El debate sobre el voto preferencial hace peligrar uno de los mejores elementos de nuestro sistema político. La alternativa, la elección por lista cerrada, haría más precaria aun la representatividad de los parlamentarios, ya que el ciudadano sentiría que no eligió al parlamentario, sino que una cúpula partidaria lo puso ahí para que luego fuera “santificado” con el voto. Estas cúpulas, nunca más cuestionadas que ahora, armarían las listas con candidatos que les serían sumisos y que, por tanto, poco tendrían que ver con representar los intereses de los votantes. Serían solo serviles a los dueños de los partidos y a sus cortesanos. A ellos, y solo a ellos, les deberían el puesto. La lealtad sería al patrón del partido. No al pueblo.
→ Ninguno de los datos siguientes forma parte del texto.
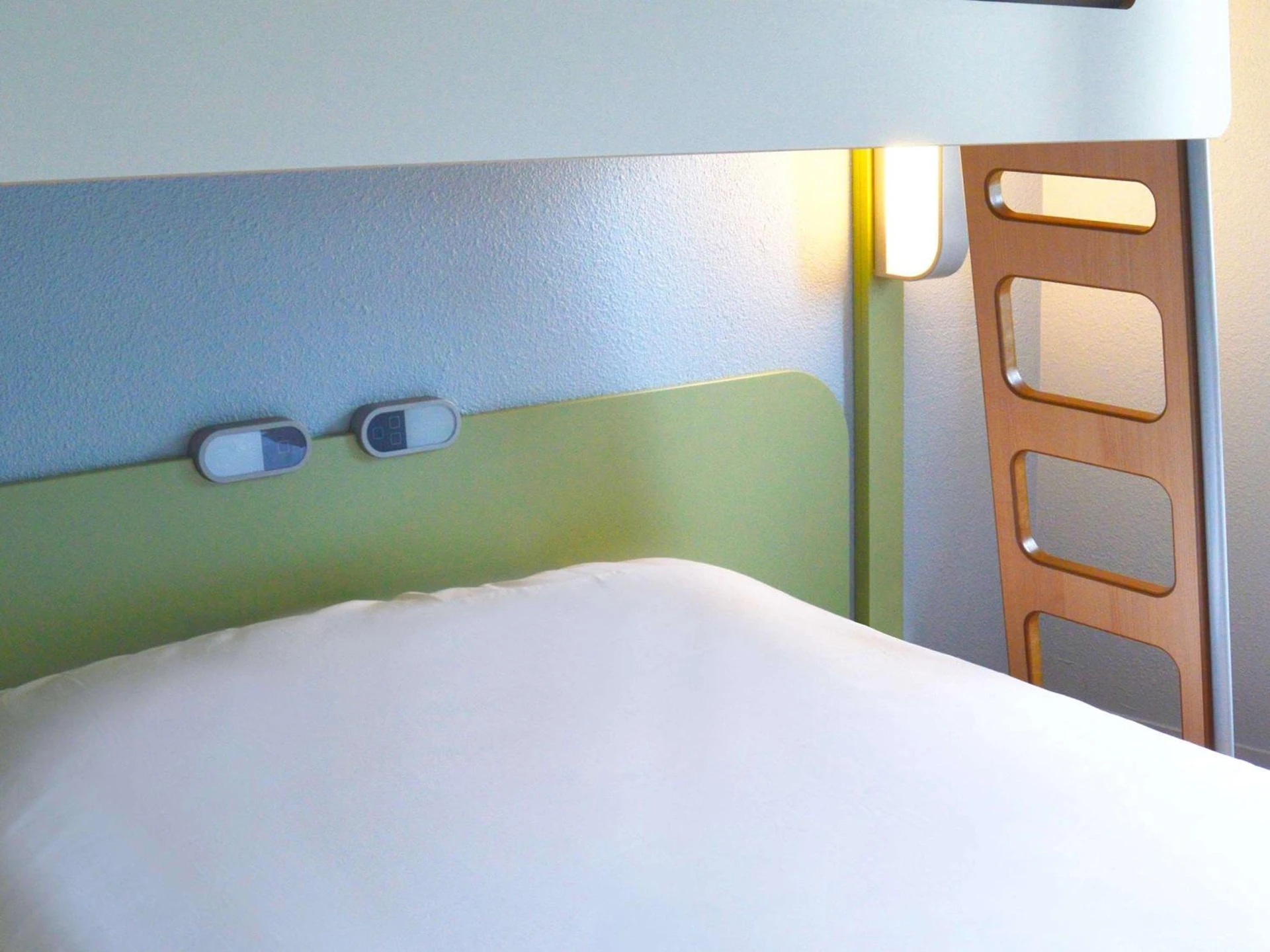 Chambre disponible pour un séminaire d'entreprise à ibis budget Rouen Nord Isneauville - Isneauville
Lo vimos en la reciente elección para la vacancia presidencial, donde penosamente desfilaron congresistas que exponían una postura, pero que no dudaron en quebrarla cuando públicamente los dueños de sus partidos emitieron comunicados para “alinear el rebaño”. Con más razón – y poder – sucederá con bancadas puestas por listas cerradas. Recuérdese que la razón de mantener 130 parlamentarios es para que ciertas decisiones sobre la polis sean el resultado de la dinámica decisional que solo ofrece la deliberación pública. Con listas cerradas, se aseguraría el voto en masa, por rebaño, y entonces la “deliberación” sería una simple escenificación teatral.
En vez de eliminar el voto preferencial, debe perfeccionarse, permitiendo que el elector pueda votar por candidatos de más de un partido, y no como ahora que obliga a elegir hasta a dos aspirantes pero del mismo partido. Es válido que el elector tenga simpatías por candidatos que distintas tiendas políticas. Y con las facilidades informáticas, eso no es una dificultad. Avancemos en esa dirección. Más poder para la gente y menos para los caudillos.